╭──

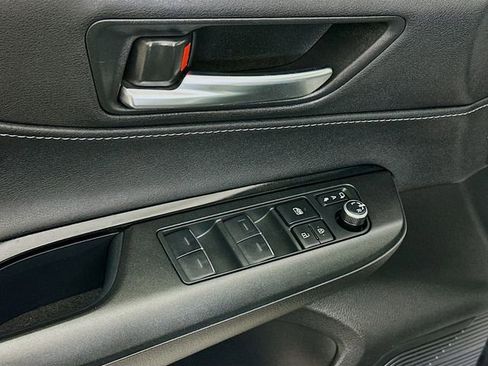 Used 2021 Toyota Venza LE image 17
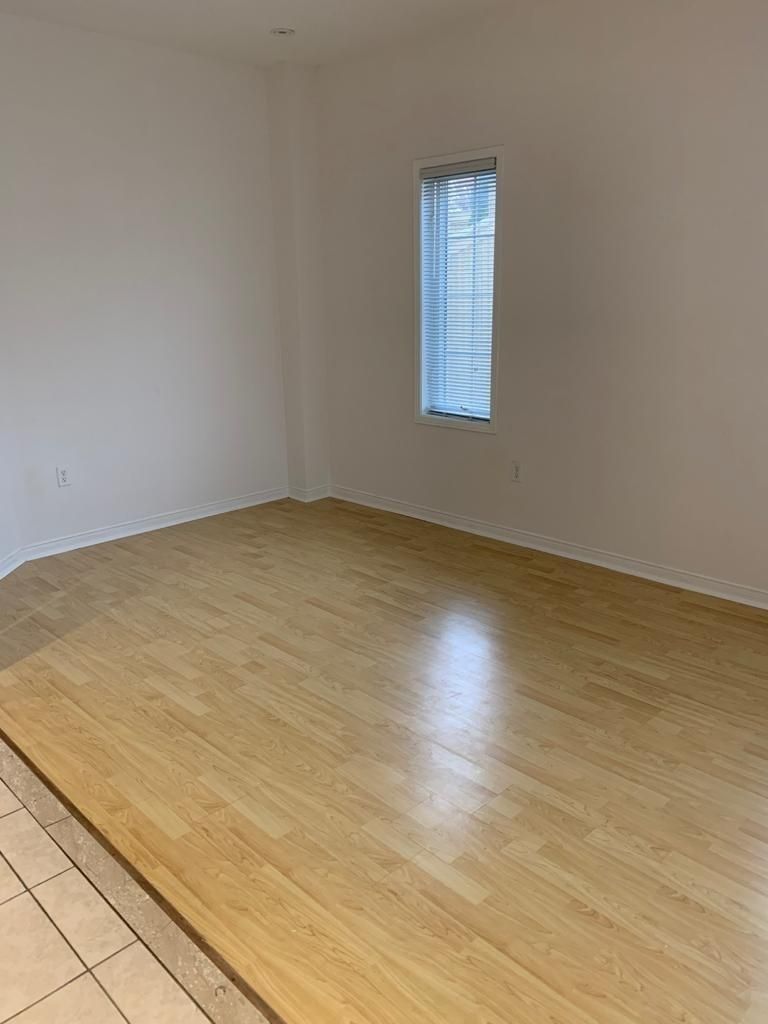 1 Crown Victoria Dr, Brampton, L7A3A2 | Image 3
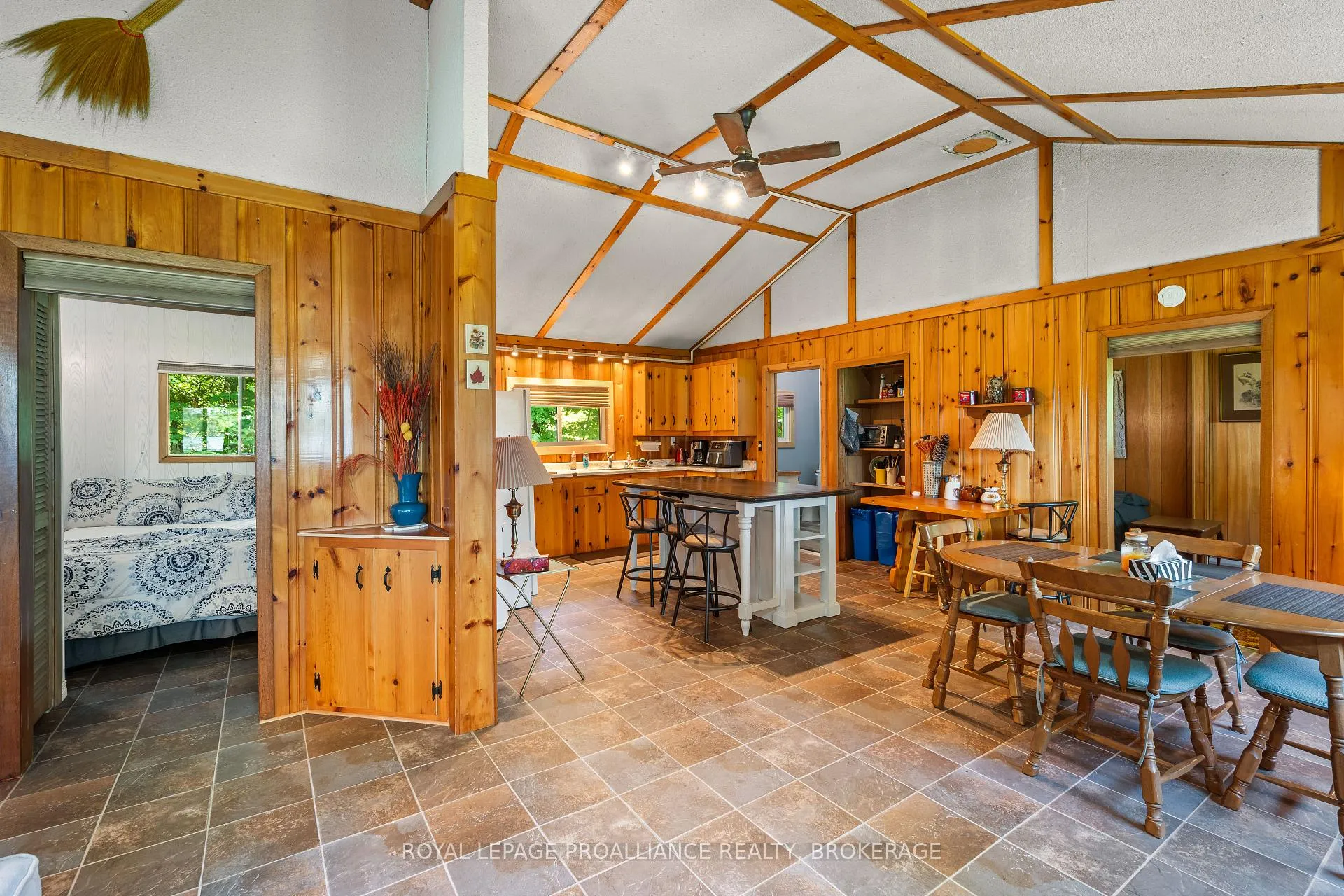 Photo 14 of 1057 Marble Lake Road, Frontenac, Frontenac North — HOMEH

╰──

**ASSIGNMENT:** Set the material down exactly, images excluded.

**RESULT OF THE TASK:**
 Used 2021 Toyota Venza LE image 17
 1 Crown Victoria Dr, Brampton, L7A3A2 | Image 3
 Photo 14 of 1057 Marble Lake Road, Frontenac, Frontenac North — HOMEH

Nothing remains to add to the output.